Claes Oldenburg was one of America’s most innovate and influential artists, whose work is represented in every major museum around the world.

 

Claes Oldenburg was born in Stockholm in 1929. His father was a Swedish diplomat, who was appointed Consul General of Sweden in Chicago, where Oldenburg was raised.

 

Oldenburg attended the prestigious Latin School of Chicago, went on to study literature and art history at Yale and then returned to Chicago to study at the Art Institute. Oldenburg thought he might become a writer, and worked as a reporter at the City News Bureau of Chicago before deciding to focus on his art.

In 1953 Oldenburg became a U.S. citizen.

 

 

In 1956, Oldenburg moved to New York, at a time when many artists in New York were pushing back against abstract expressionism. Living in a cheap studio on the Lower East Side, Oldenburg collected materials, like cardboard, burlap and newspaper from the neighborhood, and created pieces that reflected the grit of the street.

 

Oldenburg met Tom Wesselman and other artists who took part in the Happenings staged by Oldenburg, and his first wife, Patty Mucha. The couple made soft sculptures and costumes that gained popularity when, in 1961 Oldenburg combined soft materials and enamel paint to create pieces that resembled consumer goods. He rented a space and displayed the work in a studio on East 2nd Street that he called The Store. Works from both The Street and The Store are still exhibited at MoMA and other venues worldwide.

 

Oldenburg moved to Los Angeles in 1963 and began to do renderings of fanciful, large scale monuments. He embraced the idea of objects taking on new meaning when presented as obelisks. One of his ideas was to create giant buildings, shaped like pool balls, which would circulate through Central Park, giving the occupants and neighbors varying views of the structures. Of course, all the trees in the park would have to be removed to accommodate his design.

 

His first gigantic public sculpture, Lipstick (Ascending) on Caterpillar Tracks was originally placed on the in Beinecke Plaza at Yale University and can now be seen at Morse College.

 

Because his imagined projects were on such a grand scale, Oldenberg took only public commissions.
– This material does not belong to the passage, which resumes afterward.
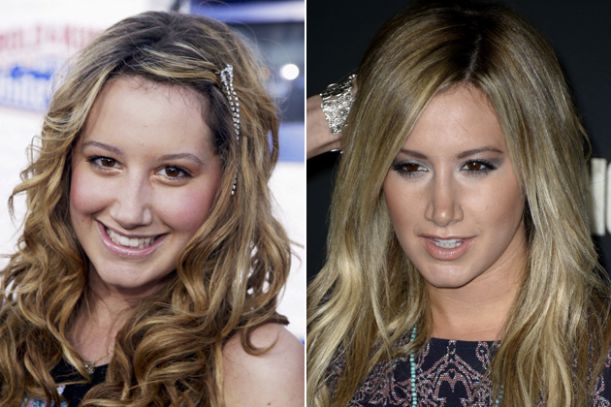 ahsley-tisdale-nose-job-before-after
With his second wife, Coosje van Bruggen, Oldenberg created many iconic architectural sculptures, including Dropped Bowl with Scattered Slices and Peels, which was commissioned by the Metro Dade Art in Public Places Trust.
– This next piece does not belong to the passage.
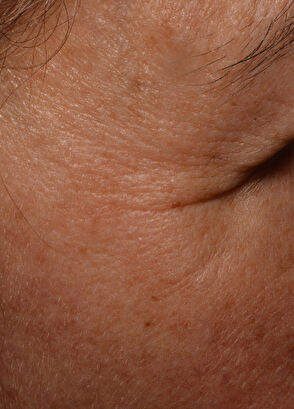 Talika CİLT BAKIM CİHAZI - 9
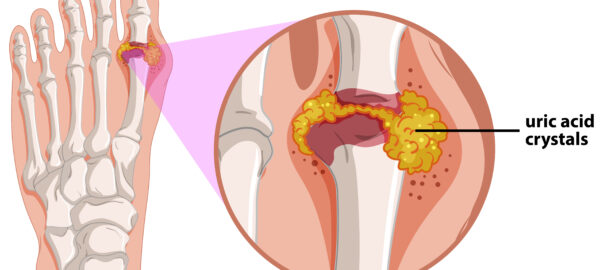 inflammatory arthritis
Oldenburg was awarded the National Medal of Arts in 2000 and became a member of the American Academy and Institute of Arts and Letters and the American Academy of Arts and Sciences.

 

Oldenburg’s sculpture Typewriter Eraser was sold for $2.2 million at Christie’s New York in 2009.

 

Oldenburg and van Bruggen were married for 32 years, until her death in 2009. Oldenburg’s older brother, Richard, was the director of MoMA from 1972 through 1993 and chairman of Sotheby’s America.

 

Claus Oldenburg died in at his home and studio in New York on July 18, 2022. He was 93.